Meantime, new starts in multifamily should head in the opposite direction, going from today's under-water rates of growth to low single digits by 2022, Sullivan believes.

Today, he notes, one fifth of all American jobs are in offices. Expect the non-residential building subsector to grow, in tandem with the strong gains in employment.

Truly sobering stats rare found in the current and future state of public construction, which accounts for 50 percent of all concrete used in building. There's no doubt the country's aging population negatively impacts public construction.

“States now spend more on Medicaid and Medicare than on schools,” Sullivan said. “The decline in public construction wasn't a 2017 blip. It's structural, as our older population puts pressure on public spending.”
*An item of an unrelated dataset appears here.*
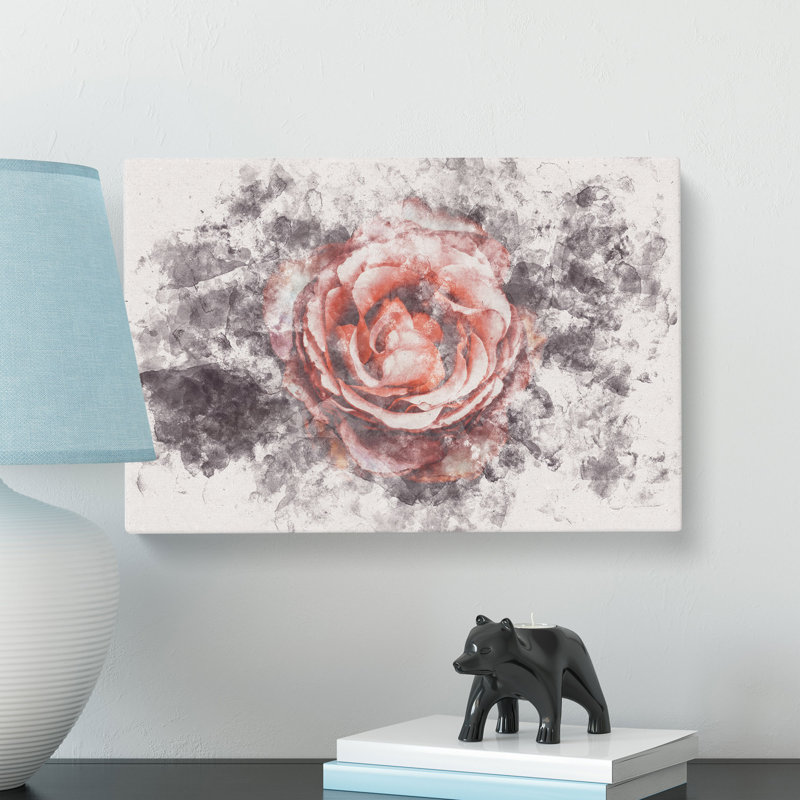 Pink Tipped Rose Flower Watercolour - Wrapped Canvas, 60cm H x 91cm W x 3cm D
Sullivan is no more upbeat on the prospects for success of President Trump's infrastructure plan.

“Eighty percent of the infrastructure cost falls on states and local governments already burdened by debt,” he noted.“The plan sounds attractive, but when you consider it relies on states, the likelihood it will generate $1.5 million in new infrastructure improvements is remote.”

Summarizing a cycle

“What we've got is the classic boom-bust cycle,” Sullivan told audience members. “The impact of the Trump infrastructure plan will not be as great as expected, so the boom won't be as great, nor will the bust . Under this scenario, the peak will occur in the first half of 2020, followed by decline.”

But, asked an audience member, “Could anything change this forecast? A natural disaster? Geo-political conflicts?”

“A trade war could do it,” Sullivan answered, “But more likely, the overheating of the economy, the rise in interest rates, and the Federal debt will emerge as bigger factors.”